Naaman’s servants went to him and said, “My father, if the prophet had told you to do some great thing, would you not have done it? How much more, then, when he tells you, ‘Wash and be cleansed’!” So he went down and dipped himself in the Jordan seven times, as the man of God had told him, and his flesh was restored and became clean like that of a young boy.
Then Naaman and all his attendants went back to the man of God. He stood before him and said, “Now I know that there is no God in all the world except in Israel. So please accept a gift from your servant.”
The prophet answered, “As surely as the Lord lives, whom I serve, I will not accept a thing.” And even though Naaman urged him, he refused.
“Go in peace,” Elisha said.
After Naaman had traveled some distance, Gehazi, the servant of Elisha the man of God, said to himself, “My master was too easy on Naaman, this Aramean, by not accepting from him what he brought. As surely as the Lord lives, I will run after him and get something from him.”
So Gehazi hurried after Naaman. When Naaman saw him running toward him, he got down from the chariot to meet him. “Is everything all right?” he asked.
“Everything is all right,” Gehazi answered. “My master sent me to say, ‘Two young men from the company of the prophets have just come to me from the hill country of Ephraim. Please give them a talent of silver and two sets of clothing.’”

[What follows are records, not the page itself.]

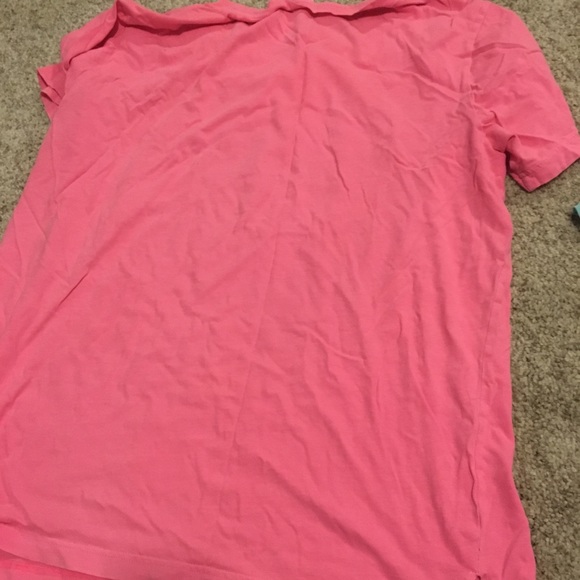 *LOT* 2 Victoria Secret PINK shirts & 2 leggings - Picture 2 of 8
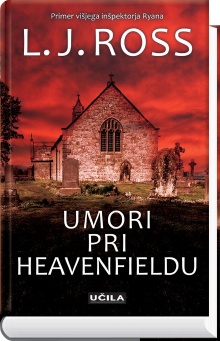 Umori pri Heavenfieldu : [p... (naslovnica)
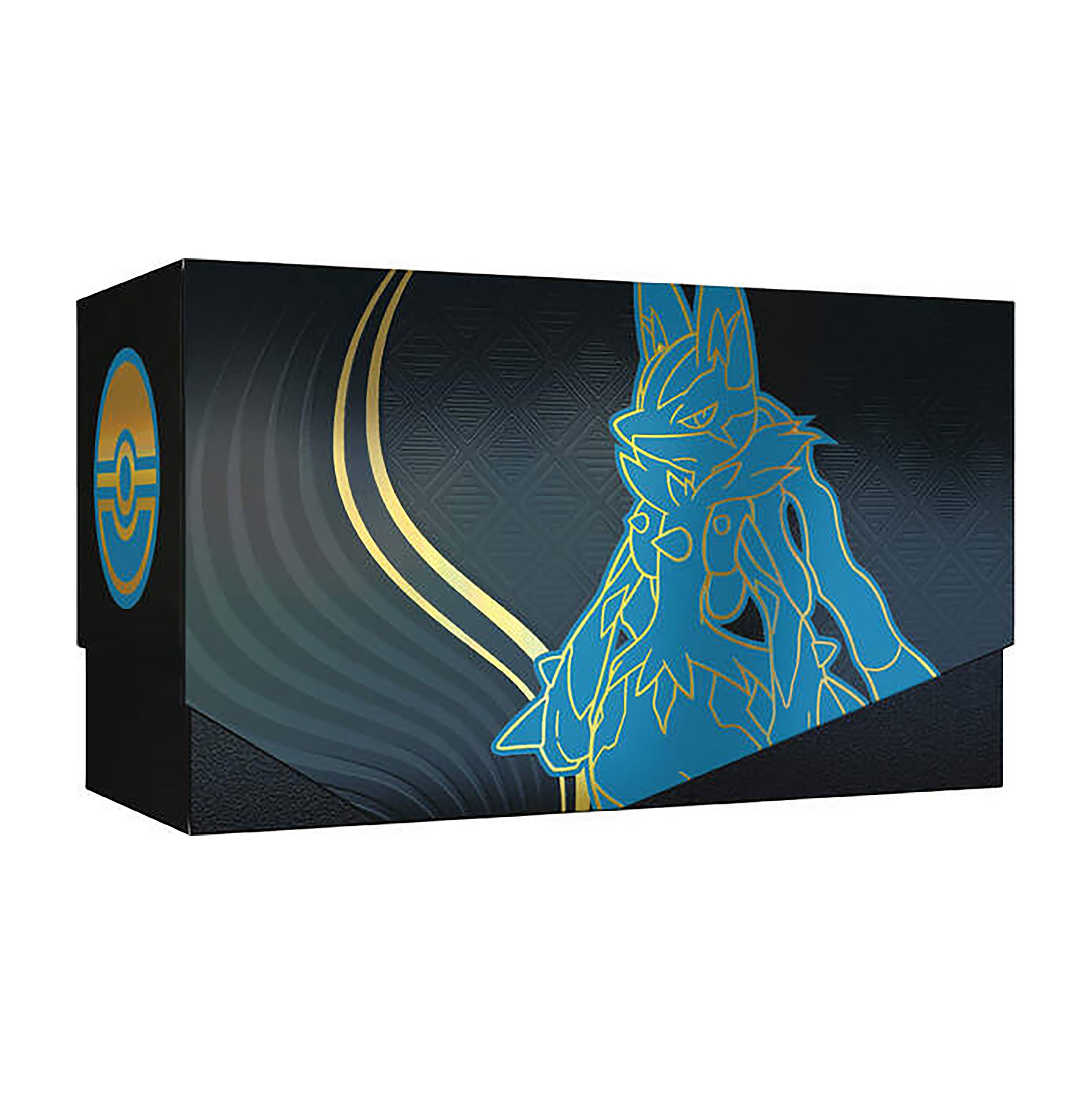 Produktbild Pokemon - Lucario Mega-Entwicklung ME01 Top-Trainer-Box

“By all means, take two talents,” said Naaman. He urged Gehazi to accept them, and then tied up the two talents of silver in two bags, with two sets of clothing. He gave them to two of his servants, and they carried them ahead of Gehazi. When Gehazi came to the hill, he took the things from the servants and put them away in the house. He sent the men away and they left.
When he went in and stood before his master, Elisha asked him, “Where have you been, Gehazi?”
“Your servant didn’t go anywhere,” Gehazi answered.
But Elisha said to him, “Was not my spirit with you when the man got down from his chariot to meet you? Is this the time to take money or to accept clothes—or olive groves and vineyards, or flocks and herds, or male and female slaves? Naaman’s leprosy will cling to you and to your descendants forever.” Then Gehazi went from Elisha’s presence and his skin was leprous—it had become as white as snow.